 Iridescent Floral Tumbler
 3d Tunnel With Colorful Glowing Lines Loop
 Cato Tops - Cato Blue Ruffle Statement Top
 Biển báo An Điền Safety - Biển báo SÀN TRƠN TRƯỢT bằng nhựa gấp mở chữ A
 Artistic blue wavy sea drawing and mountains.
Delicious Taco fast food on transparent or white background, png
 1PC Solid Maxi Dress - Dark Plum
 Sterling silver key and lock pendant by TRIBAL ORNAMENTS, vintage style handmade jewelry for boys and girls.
* * * * * * * * *
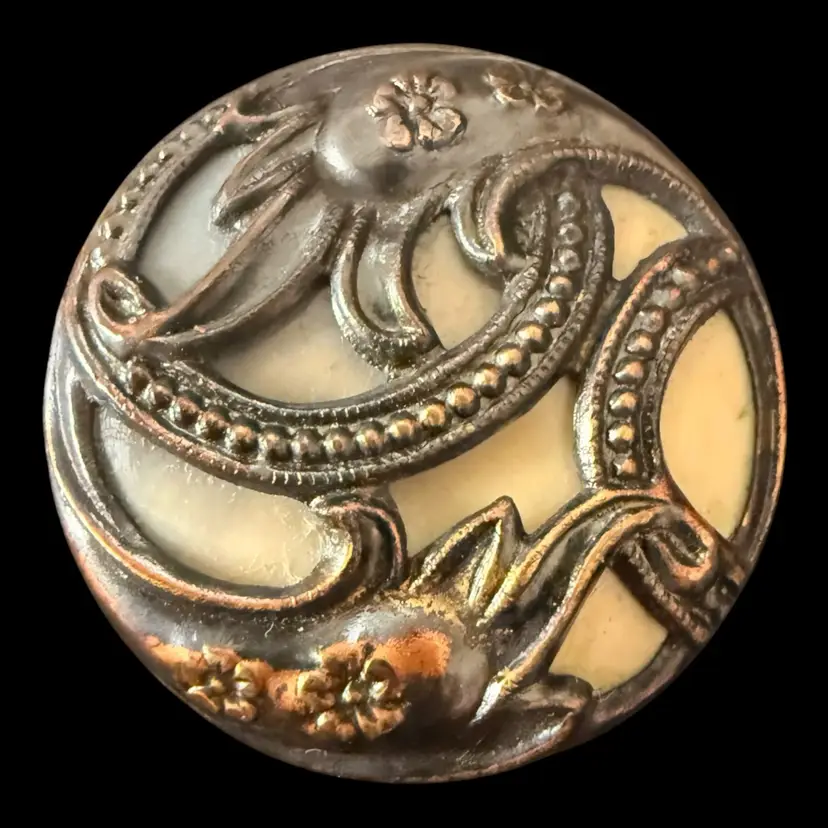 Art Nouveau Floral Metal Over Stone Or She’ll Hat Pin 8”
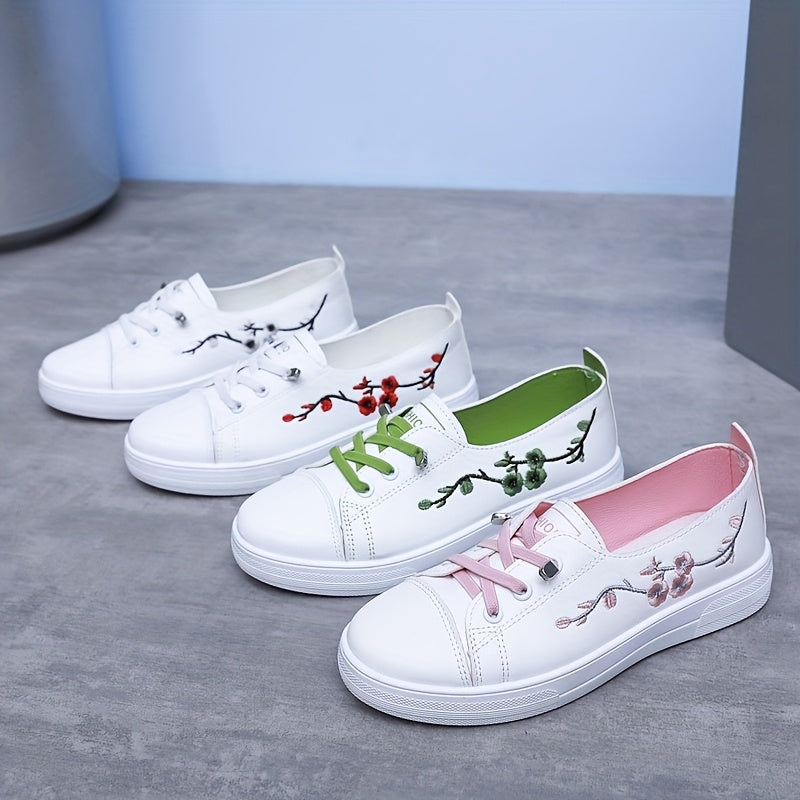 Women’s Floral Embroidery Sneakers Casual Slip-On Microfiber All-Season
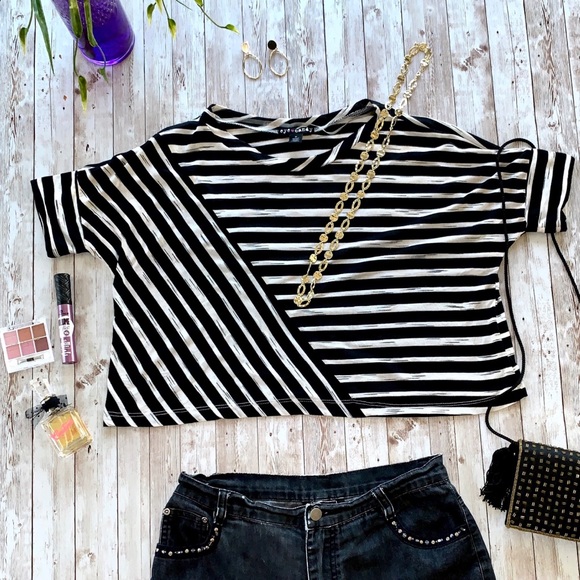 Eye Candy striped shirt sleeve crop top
* * * * * * * * *
*What you need to do*: What you return must match the lines above from the one with "Women’s Floral Embroidery" through the one with "Eye Candy striped shirt sleeve crop top" exactly, with both ends included and the pictures excluded.

*Result*:
 Women’s Floral Embroidery Sneakers Casual Slip-On Microfiber All-Season
 Eye Candy striped shirt sleeve crop top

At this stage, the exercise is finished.